Ce tableau énigmatique permet de témoigner des premiers pas du peintre surréaliste Yves Tanguy et d’éclairer d’un jour nouveau l’amitié qui liait l’artiste à Marcel Duhamel et aux frères Jacques et Pierre Prévert, notamment lors de leurs séjours à Locronan.
Rien que le « pedigree » de ce tableau en fait une œuvre historique. En effet, c’est la deuxième huile sur toile exécutée par l’autodidacte Yves Tanguy (la première Rue de la Santé est conservée au Museum of Modern Art de New York) ; il la donne, sans doute peu après sa création, à Marcel Duhamel, futur fondateur de la Série noire, rencontré par l’intermédiaire de Jacques Prévert au début des années 1920. Il semblerait que Marcel l’ait vendue à un portier de l’hôtel Grosvenor avant de la récupérer vingt ans plus tard. Sa veuve Germaine en fait ensuite don en 1983 à Catherine Prévert, la fille de Pierre Prévert, nièce de Jacques, qui décide en cette année 2017 de l’offrir à la Ville de Quimper, sans condition, motivée par les liens prégnants de Tanguy avec le Finistère et l’accueil reçu lors de la rétrospective Yves Tanguy, l’univers surréaliste organisée en 2007 au musée par le précédent directeur, André Cariou.
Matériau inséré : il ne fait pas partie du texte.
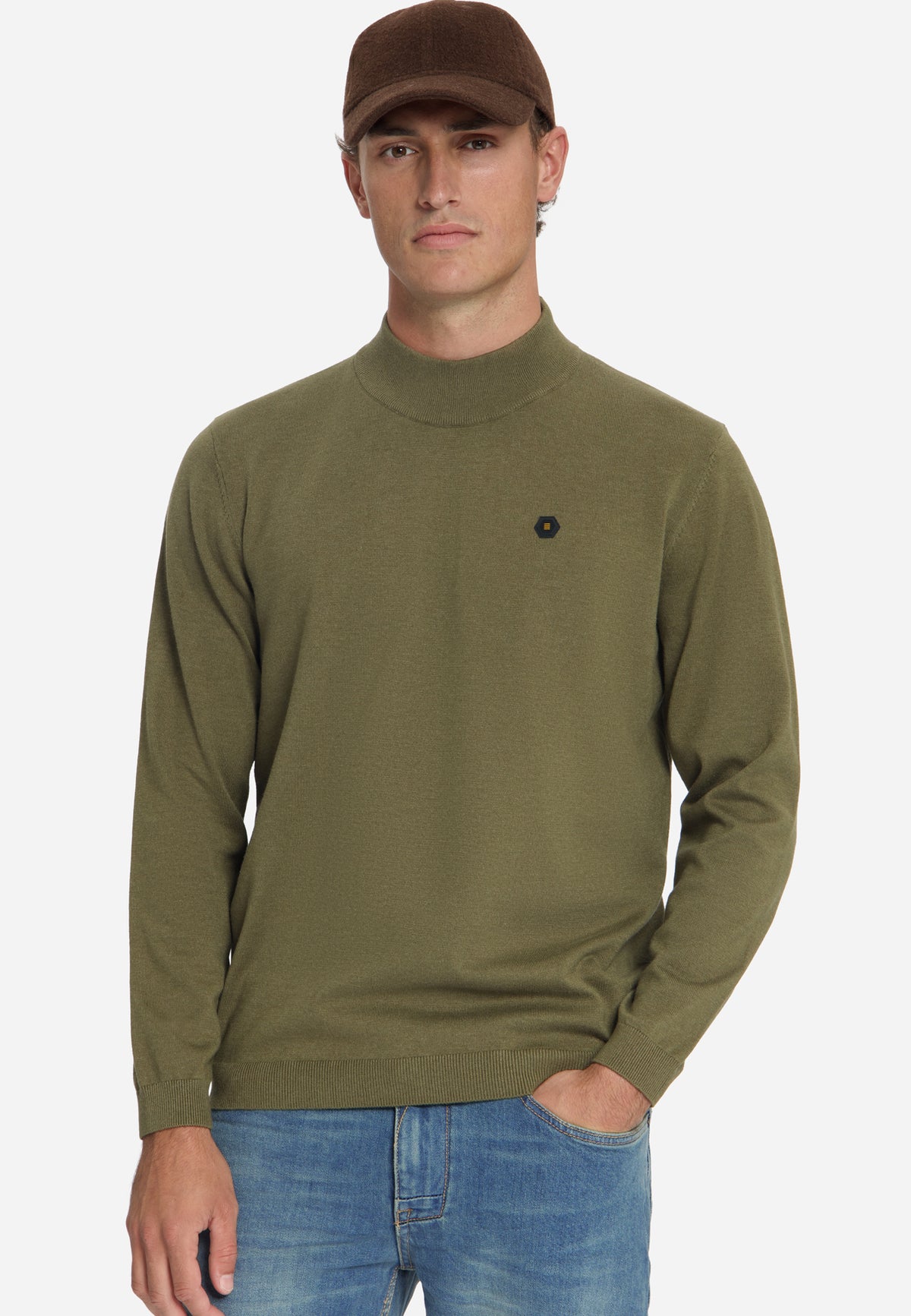 Pullover Turtle Neck Melange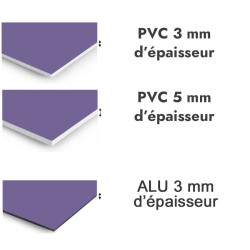 Panneau de douche Lilas bleu - PVC et ALU épaisseurs
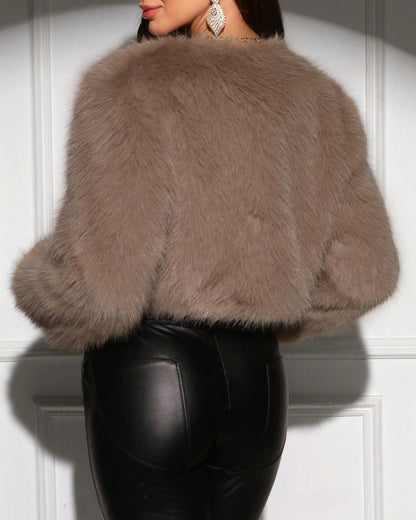 Leonora | Cropped Faux-Fur Jacket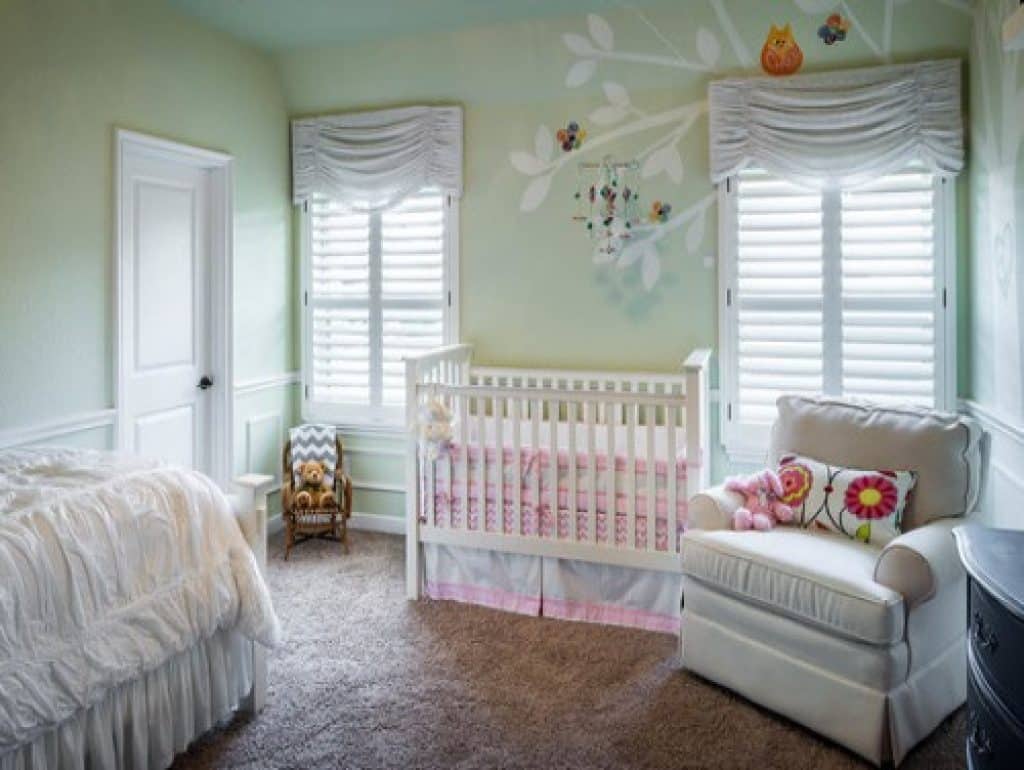 transitional home with beauty and comfort eklektik interiors - 152 Baby Girl Nursery Ideas: Create Your Dream Baby Room with These - HandyMan.Guide - Baby Girl Nursery Ideas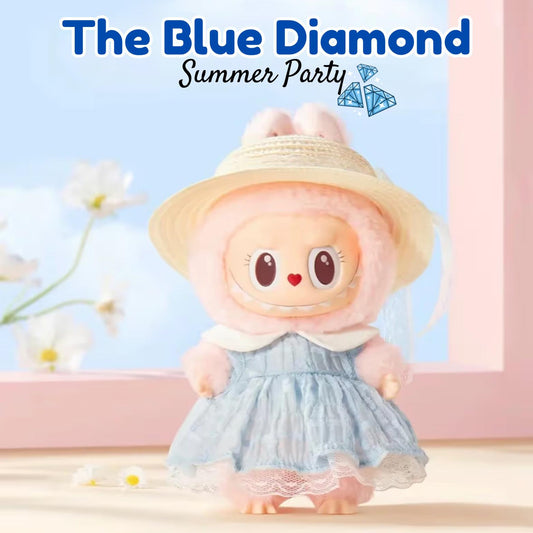THE MONSTERS - The Blue Diamond Summer Party Vinyl Plush Doll Pendant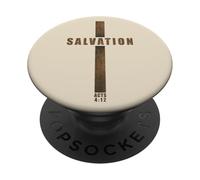Salvation - Acts 4:12 No Other Name Cross of Jesus Christ PopSockets PopGrip Adhesivo
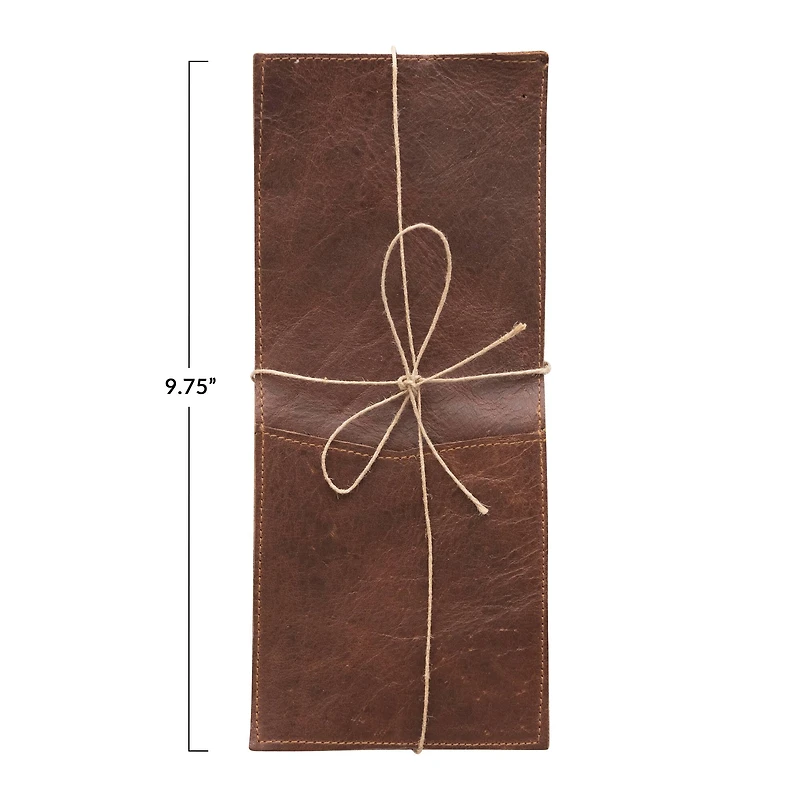 Hello Honey® Leather Cutlery Sleeve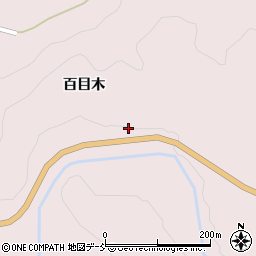 福島県伊達市霊山町石田百目木周辺の地図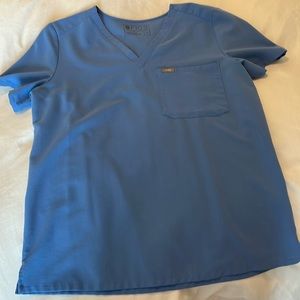 Figs Ceil Blue Catarina 1-pocket scrub top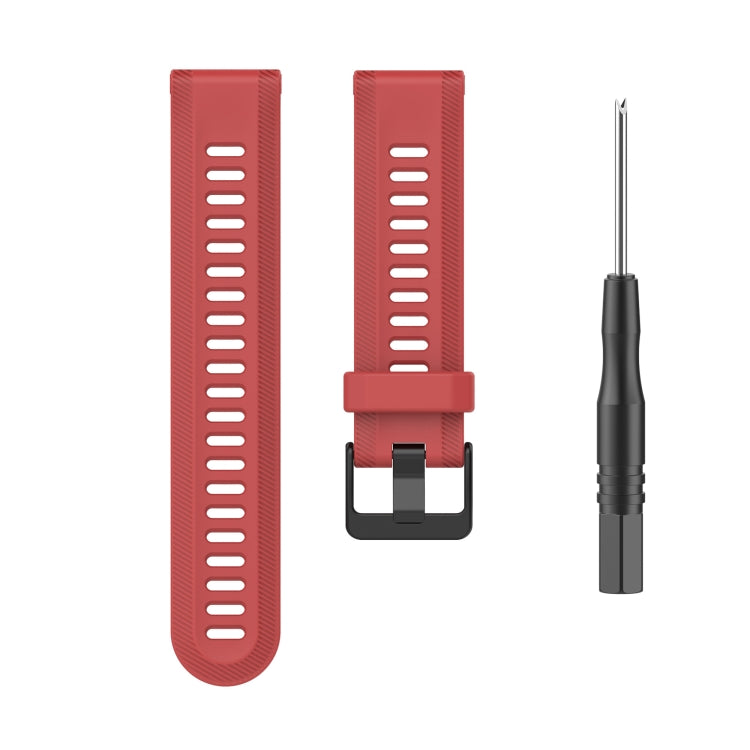 For Garmin Fenix 6 Sapphire GPS 22mm Solid Color Silicone Watch Band(White) by buy2fix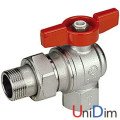 Кран шаровой угловой с американкой ¾" Giacomini R789Х005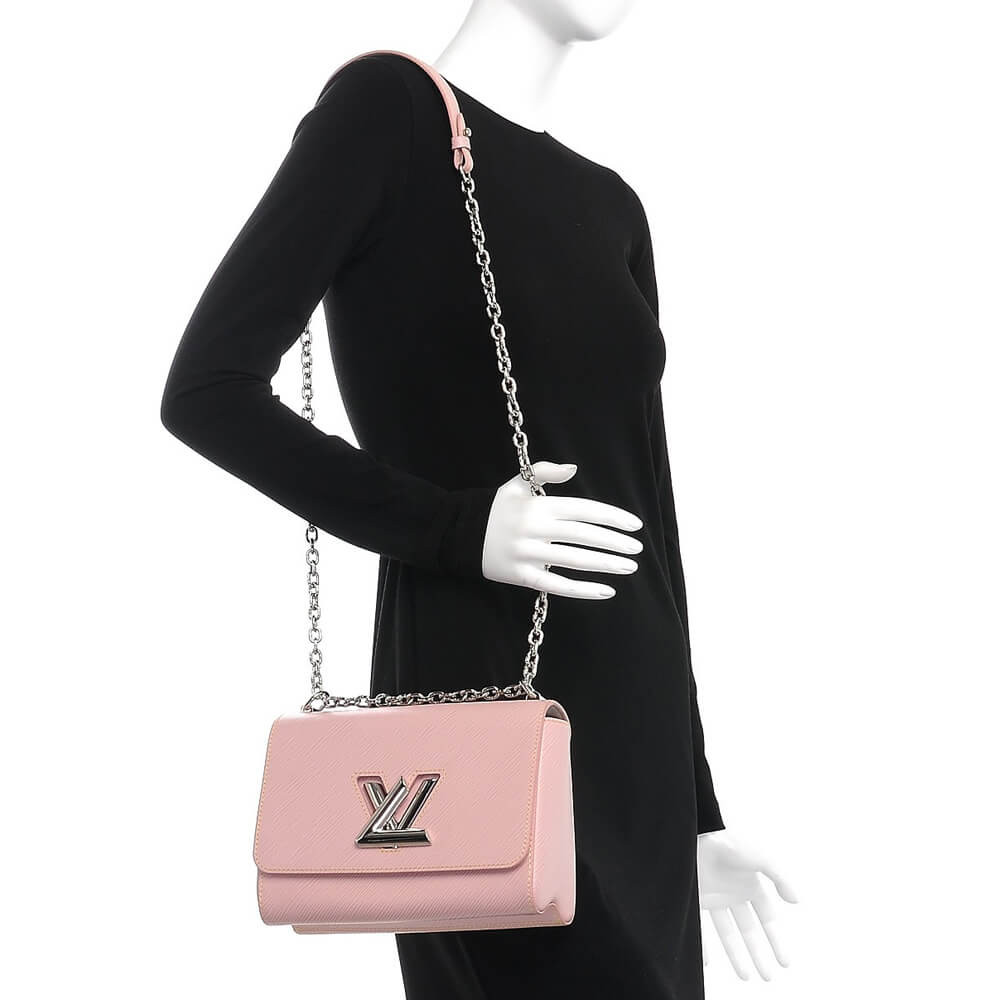 Louis Vuitton Epi Leather Twist MM Rose Ballerine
Ce tableau Le Pont, s’il n’est pas à proprement parler surréaliste, pose les jalons de la carrière du « peintre surréaliste par excellence », peu représenté dans les collections publiques françaises. Dans cette œuvre, c’est toute l’ambiance de la rue du Château qui émerge, un certain anarchisme, le goût pour la culture populaire, cet « avant André Breton » et donc ce trio Tanguy-Prévert-Duhamel qui, de Paris à la Bretagne, a marqué l’histoire des arts.